OPTIM and PY ellipsoids tutorial
GMIN: Find some minima
First run GMIN to find the global minimum and a high energy minimum (or any two stationary points).
OPTIM: Finding a single pathway
Input:
- odata has lines like in GMIN's data file to specify potential, energy criteria, etc.
- NEWCONNECT (to specify attempt to connect POINTS and finish)
- BFGSMIN (to specify minimizer)
- BFGSTS (to specify transition state search)
- PATH # (to specify number of slices along path for rbpath.xyz if a connection is found)
- NEBK # (adjusts the spring constant in the elastic band)

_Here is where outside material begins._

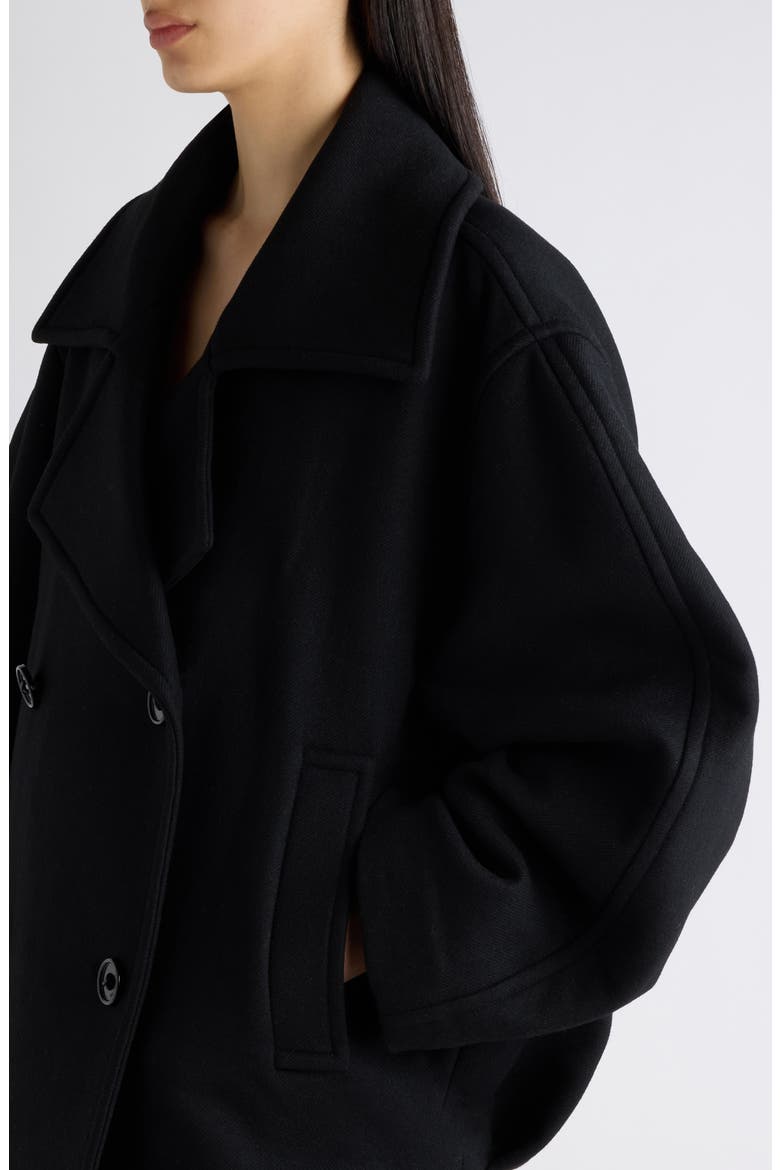Short Wool Blend Cocoon Coat, Alternate, color, 1000 BLACK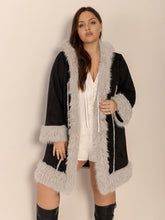 Load image into Gallery viewer, Fuzzy Trim Open Front Long Sleeve Hooded Coat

- RBSYM (need file rbsymops to specify symmetry operations, see below)
- DUMPALLPATHS (if you need to make a database; creates path.info)
- DIJKSTRA -- DIJKSTRA 0 for calculations of constants along a connected pathway; DIJKSTRA EXP for finding a path; DIJINITSTART n can also be used to finding a path
- CYCLES -- 0 for DIJKSTRA 0, non-zero otherwise. I use CYCLES 1000 when I want something to run until I stop it.
- lots of other lines
- POINTS followed by lines started by PY with the starting geometry
- finish -- has finishing geometry (no PY atom labels)

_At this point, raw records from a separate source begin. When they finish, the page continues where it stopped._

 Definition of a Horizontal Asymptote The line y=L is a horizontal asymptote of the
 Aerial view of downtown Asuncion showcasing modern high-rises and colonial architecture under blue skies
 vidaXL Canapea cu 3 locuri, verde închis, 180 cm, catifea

- perm.allow -- for identical rigid bodies, need "1 / N 0 / 1 2 ... N". This file cannot be omitted for rigid body setups.
- pysites.xyz
- rbsymops -- has syntax: [number of operations] / [blank line] / [x] [y] [z] [deg] / ..., where xyz is the axis of rotation and deg is the rotation angle in degrees. I've never gotten rbsymops to behave to my satisfaction!
Output from running OPTIM:
- EofS -- energy as a function of integrated path length for first pathway found
- EofS.1, ... -- like EofS for other paths found
- energies -- contains energy values dumped by DEBUG
- min.data.info -- empty unless DUMPDATA is specified in odata.start and odata.finish
- odata.read -- possibly obsolescent; used for IO with programs that use OPTIM
- path.1.xyz, ... -- like rbpath.xyz but for the other pathways from EofS.1, ...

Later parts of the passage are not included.